• SQL Kiwi (9/23/2012)


    L' Eomot Inversé (9/23/2012)


    It would be interesting to see the C# so that we could see what it is that's being optimised. Clearly either the C# optimiser is really awful, or the C# is deliberately written in such a way as to avoid the most insane optimisations. For example, it would be nice to know how many multiplications the optimised code does, it would be nice to know how many values it reads from an array, and so on. Decades ago I saw a Fortran system which would have run this, if naively written so that the optimiser could be really clever, in about 10 microseconds. Of course it would have done exactly one multiplication.

    Please be assured that the .NET compiler and optimizer is state-of-the-art. The overhead is caused by CLR being in hosted in SQL Server. The C# code will indeed be compiled down to just one machine-code instruction (which may take less than one CPU cycle to execute) but it takes time to connect things up and switch between SQL Server and the hosted environment.
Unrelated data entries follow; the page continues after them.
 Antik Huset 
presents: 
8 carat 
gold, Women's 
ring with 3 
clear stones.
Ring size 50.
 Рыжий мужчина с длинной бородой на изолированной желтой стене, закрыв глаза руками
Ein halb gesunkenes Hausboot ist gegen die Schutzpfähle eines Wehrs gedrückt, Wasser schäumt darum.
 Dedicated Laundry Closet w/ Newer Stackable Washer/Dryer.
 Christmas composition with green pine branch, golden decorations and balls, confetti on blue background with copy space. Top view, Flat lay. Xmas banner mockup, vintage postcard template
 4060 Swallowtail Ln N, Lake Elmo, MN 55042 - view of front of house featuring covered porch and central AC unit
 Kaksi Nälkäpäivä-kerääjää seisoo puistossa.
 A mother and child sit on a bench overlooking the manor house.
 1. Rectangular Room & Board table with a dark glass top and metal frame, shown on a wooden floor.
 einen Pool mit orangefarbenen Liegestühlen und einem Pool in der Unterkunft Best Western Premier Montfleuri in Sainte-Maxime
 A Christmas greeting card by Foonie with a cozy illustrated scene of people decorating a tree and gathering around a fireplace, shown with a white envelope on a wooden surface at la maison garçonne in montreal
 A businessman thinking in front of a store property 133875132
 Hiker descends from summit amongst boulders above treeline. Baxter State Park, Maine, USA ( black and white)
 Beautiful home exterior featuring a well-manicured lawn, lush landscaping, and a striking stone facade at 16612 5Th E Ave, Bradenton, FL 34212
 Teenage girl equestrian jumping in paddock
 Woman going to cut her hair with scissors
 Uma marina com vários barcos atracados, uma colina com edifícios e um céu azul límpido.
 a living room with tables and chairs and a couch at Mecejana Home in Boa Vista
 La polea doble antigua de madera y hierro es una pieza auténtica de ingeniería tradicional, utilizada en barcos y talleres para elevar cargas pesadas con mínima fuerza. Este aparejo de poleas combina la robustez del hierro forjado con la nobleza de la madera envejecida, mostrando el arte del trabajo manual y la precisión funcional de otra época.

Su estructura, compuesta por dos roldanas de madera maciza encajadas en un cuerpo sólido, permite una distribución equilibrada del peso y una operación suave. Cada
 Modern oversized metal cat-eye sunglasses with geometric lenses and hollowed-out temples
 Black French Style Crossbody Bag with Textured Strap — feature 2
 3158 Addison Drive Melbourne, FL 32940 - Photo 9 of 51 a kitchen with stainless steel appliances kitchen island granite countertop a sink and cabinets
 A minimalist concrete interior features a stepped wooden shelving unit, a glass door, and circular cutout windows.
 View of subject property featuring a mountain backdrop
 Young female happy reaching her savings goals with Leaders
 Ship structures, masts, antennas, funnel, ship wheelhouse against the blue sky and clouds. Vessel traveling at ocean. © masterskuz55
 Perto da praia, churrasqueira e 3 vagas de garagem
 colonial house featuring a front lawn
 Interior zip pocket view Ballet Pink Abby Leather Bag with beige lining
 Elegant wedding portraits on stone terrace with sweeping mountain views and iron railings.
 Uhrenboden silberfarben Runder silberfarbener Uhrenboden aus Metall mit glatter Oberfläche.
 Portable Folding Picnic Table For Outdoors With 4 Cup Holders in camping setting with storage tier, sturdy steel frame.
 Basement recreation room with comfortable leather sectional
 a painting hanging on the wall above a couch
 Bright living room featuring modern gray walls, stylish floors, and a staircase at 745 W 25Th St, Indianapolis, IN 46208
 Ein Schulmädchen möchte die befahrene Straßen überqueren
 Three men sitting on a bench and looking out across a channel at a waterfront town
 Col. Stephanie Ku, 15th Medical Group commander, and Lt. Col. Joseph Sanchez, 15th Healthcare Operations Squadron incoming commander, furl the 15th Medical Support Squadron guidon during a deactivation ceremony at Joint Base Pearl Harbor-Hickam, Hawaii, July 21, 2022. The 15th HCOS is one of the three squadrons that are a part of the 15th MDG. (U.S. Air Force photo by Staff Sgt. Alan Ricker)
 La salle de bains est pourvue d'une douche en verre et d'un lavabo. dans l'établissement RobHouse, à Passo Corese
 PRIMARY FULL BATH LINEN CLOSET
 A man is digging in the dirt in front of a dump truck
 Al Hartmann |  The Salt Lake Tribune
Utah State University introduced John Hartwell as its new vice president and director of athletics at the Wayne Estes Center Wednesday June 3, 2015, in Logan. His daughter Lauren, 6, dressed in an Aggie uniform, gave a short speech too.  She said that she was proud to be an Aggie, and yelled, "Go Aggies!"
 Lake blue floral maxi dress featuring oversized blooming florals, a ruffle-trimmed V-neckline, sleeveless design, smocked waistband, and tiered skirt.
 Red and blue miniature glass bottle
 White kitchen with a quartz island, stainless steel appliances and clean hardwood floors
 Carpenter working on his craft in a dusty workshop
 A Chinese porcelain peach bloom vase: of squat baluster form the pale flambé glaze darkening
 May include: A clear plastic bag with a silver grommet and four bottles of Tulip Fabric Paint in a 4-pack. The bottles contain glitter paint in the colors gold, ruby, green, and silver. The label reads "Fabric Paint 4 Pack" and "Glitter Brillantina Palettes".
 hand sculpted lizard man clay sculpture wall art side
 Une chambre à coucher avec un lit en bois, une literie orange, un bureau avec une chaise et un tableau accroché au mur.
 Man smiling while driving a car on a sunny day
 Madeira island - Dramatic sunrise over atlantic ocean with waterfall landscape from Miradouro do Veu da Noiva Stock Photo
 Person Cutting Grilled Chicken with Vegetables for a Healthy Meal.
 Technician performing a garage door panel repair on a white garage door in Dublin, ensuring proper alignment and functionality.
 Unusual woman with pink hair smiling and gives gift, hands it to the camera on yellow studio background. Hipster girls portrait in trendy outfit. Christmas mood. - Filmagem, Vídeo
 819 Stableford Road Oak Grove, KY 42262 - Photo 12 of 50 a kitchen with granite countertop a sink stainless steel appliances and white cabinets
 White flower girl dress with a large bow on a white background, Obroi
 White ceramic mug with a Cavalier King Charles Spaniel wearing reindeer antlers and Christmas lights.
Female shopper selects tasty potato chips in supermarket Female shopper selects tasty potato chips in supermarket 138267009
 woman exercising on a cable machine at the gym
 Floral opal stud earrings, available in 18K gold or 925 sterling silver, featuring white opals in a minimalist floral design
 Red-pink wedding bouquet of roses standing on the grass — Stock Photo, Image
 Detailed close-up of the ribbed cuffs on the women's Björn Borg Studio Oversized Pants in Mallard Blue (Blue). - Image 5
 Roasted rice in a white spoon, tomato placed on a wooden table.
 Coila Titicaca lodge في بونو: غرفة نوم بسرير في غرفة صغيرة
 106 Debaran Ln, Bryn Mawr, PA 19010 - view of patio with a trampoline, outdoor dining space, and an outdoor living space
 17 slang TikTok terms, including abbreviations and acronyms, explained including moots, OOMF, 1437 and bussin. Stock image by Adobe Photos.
    I think you misunderstood me Paul - my fault for not expressing myself more clearly.

    rragnmo seemed to me to be talking about two distinct thigs - a chunk of pure C# measured on its own (his first paragraph) and a CLR function embedded into SQL (his second paragraph). I was concerned only with his second paragraph. When an attempt is made to do the whole thing in c# (or Fortran, or any other procedural language) there's a risk that the optimiser notices that the first one million minus one function calls are irrelevant so it leaves them out. This doesn't happen with SQL, currently (but it might in the furture) so generally there';s an attempt to prevent the optimiser from doing this to avoid meaningless comparisons. My "one multiplication" was for the whole process, which needed only one multiplication (probably actually a left shift, depending on the target machine, as it's a multiplication by 2) instead of a million multiplications. If that sort of optimisation was happening, we would be comparing a forest with a single tree.

    Having seen people make utterly wrong decisions based on run times of tasks which could be optimied out just about completely, I just wondered how well protected rragnmo's measurements were aginst that sort of thing. One of the things he said in his comment seemed to indicate that he did have had it in mind, but was concerned that he might not have done enough to avoid it.